On Wed, Jun 27, 2012 at 12:15 PM, Eric <[email protected]> wrote:
> Thank you for the information. Is there any better way that you can think of
> architecting this setup? One of the main concerns is that location1 will
> reuse Host1's key for Host2 and then it completely confuse those monitoring
> the alerts.
>

You could setup local OSSEC servers and have them forward their alerts
to a central OSSEC server.

Tell the locations that re-using keys is bad, and they shouldn't do
it. Write it out in crayon if you have to.

>
> On Wednesday, June 27, 2012 10:43:47 AM UTC-4, dan (ddpbsd) wrote:
>>
>> > Hello,
>> >
>> > I am working on a deployment that is going to involve multiple external
>> > locations (behind a NAT) with all of them talking back to 1 server.
>> >
>> > Location 1 will be a mixture of Linux and Windows agents. There will be
>> > ~10
>> > hosts at this location all going out of a single NAT, 1.1.1.1.
>> > Location 2 will have ~5 Linux machines going out a single NAT, 2.2.2.2.
>> > Location 3 will have ~20 Windows machines going out a single NAT,
>> > 3.3.3.3.
>> >
>> > So far I have gotten this general setup to work by creating an
>> > individual
>> > key for each host and setting the IP address to "any". However, I am
>> > curious
>> > if there is anyway to set up 1 key per location and have all agents
>> > share
>> > that one key. So I can give location 1 keyA and they put that on all of
>> > the
>> > agents and it is able to talk by to the portal. I kinda sorta gotten
>> > this to
>> > work by creating Location1 on the OSSEC server and giving it an IP of
>> > 1.1.1.1/32. I know if I just do 1.1.1.1 it says duplicate key error but
>> > if I
>> > put a CIDR around it, it has worked sometimes and other times it hasn't.
>> > So
>> > that is my first question. Is this scenario doable?
>> >
>>
>> No. Each individual agent requires its own unique key.
>>
>> > My second question is if I am able to make the above setup work, is
>> > there
>> > anyway I can distinguish the individual agents from one another?
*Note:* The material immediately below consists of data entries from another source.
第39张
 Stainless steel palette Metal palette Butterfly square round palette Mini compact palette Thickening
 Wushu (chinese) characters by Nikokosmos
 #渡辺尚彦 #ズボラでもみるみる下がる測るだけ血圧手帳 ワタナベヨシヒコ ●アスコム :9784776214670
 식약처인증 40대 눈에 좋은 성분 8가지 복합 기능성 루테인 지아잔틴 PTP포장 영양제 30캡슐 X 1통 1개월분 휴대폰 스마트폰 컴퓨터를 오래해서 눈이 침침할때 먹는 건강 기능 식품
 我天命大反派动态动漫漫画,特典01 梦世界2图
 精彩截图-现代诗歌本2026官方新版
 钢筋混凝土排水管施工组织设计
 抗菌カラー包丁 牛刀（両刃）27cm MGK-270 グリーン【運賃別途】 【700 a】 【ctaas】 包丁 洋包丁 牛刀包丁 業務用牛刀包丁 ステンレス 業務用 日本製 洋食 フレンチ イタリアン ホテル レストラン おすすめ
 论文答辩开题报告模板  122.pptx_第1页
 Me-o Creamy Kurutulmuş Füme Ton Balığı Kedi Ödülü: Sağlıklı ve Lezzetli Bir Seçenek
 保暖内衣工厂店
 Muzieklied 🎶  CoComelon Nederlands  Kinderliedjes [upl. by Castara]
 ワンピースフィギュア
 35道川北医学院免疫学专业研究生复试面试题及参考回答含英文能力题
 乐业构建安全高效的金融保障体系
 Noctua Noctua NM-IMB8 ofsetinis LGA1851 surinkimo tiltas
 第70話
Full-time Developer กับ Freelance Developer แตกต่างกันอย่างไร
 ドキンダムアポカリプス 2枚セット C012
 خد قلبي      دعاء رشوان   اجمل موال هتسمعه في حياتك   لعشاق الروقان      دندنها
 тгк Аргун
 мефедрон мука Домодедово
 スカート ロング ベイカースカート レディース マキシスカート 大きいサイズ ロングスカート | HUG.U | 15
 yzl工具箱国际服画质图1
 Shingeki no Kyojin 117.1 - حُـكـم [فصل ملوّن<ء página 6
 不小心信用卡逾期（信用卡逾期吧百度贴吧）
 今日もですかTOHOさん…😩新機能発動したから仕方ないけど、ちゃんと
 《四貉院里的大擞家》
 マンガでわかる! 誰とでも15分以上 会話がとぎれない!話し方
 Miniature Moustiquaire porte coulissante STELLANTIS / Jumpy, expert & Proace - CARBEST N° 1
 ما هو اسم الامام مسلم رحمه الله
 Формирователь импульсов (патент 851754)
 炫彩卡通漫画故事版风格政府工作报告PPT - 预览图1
I know
>> > by
>> > default, if we have the hostnames set up correctly, I will see Location1
>> > as
>> > the "location" but I will see host1 somewhere in the log to distinguish
>> > it.
>> > Are there any additional fields that I can force OSSEC to send with the
>> > logs, such as the internal IP? This is especially the case for integrity
>> > checking alerts since it doesn't even give the hostname on those. Can I
>> > force it to?
>> >
>> > Thanks in advance for any advice/information you all have.